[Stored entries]

== == ==

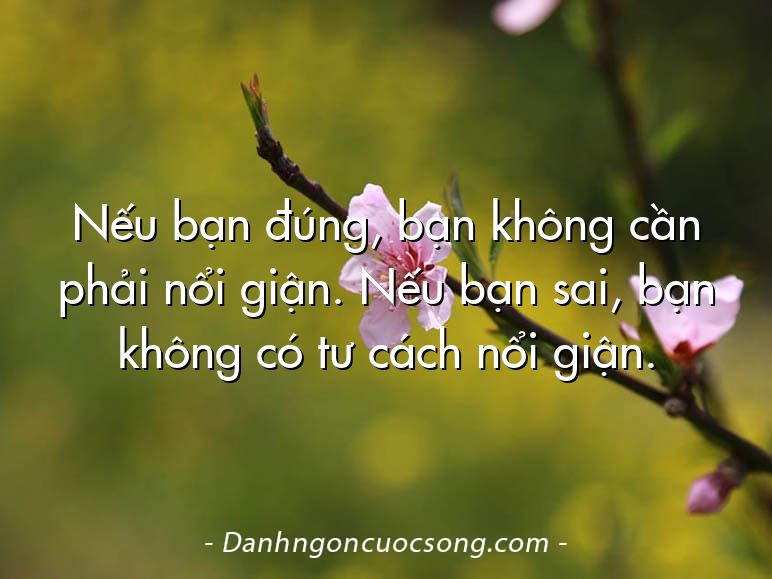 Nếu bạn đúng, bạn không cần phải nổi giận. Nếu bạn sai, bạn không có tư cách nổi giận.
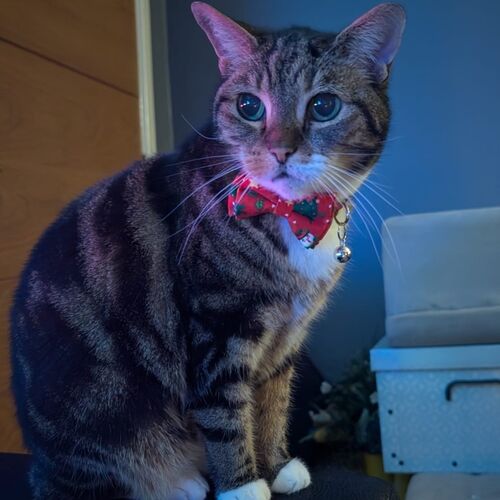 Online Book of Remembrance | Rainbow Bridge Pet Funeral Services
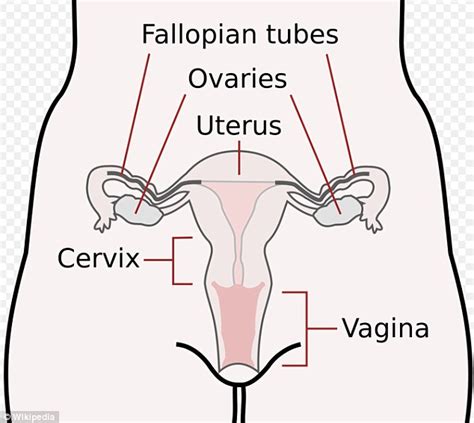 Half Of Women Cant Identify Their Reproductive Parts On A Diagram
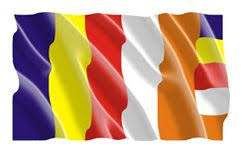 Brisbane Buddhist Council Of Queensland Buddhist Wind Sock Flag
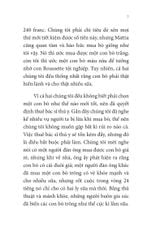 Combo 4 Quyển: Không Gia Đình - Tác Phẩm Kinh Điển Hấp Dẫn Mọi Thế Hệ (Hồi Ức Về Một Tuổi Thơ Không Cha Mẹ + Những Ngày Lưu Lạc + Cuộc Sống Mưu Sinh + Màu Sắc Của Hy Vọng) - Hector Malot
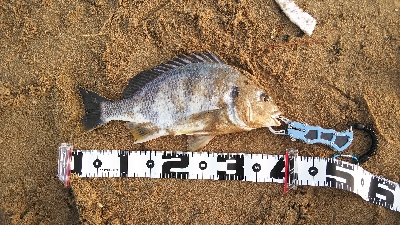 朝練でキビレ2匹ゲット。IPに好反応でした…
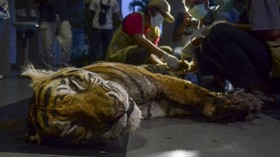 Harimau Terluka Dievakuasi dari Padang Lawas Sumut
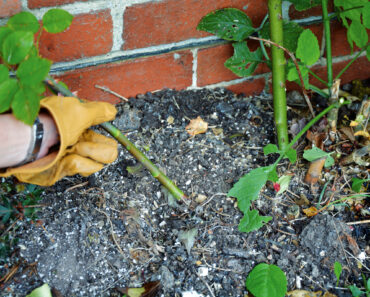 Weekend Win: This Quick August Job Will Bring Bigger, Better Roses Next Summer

== == ==

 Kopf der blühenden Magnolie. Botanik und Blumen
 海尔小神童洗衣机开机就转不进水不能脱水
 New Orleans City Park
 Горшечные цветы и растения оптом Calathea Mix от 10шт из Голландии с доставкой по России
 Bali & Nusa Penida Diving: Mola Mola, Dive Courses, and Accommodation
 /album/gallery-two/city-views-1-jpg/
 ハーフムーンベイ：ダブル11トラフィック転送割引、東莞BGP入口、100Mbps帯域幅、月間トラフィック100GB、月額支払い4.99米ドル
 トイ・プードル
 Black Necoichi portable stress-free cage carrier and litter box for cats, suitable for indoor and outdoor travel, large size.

== == ==

Above are some records; quote exactly and only the lines that begin at the line containing "Harimau Terluka Dievakuasi" and stop after the line containing "Weekend Win: This", leaving out the pictures.

• [REPLY]
 Harimau Terluka Dievakuasi dari Padang Lawas Sumut
 Weekend Win: This Quick August Job Will Bring Bigger, Better Roses Next Summer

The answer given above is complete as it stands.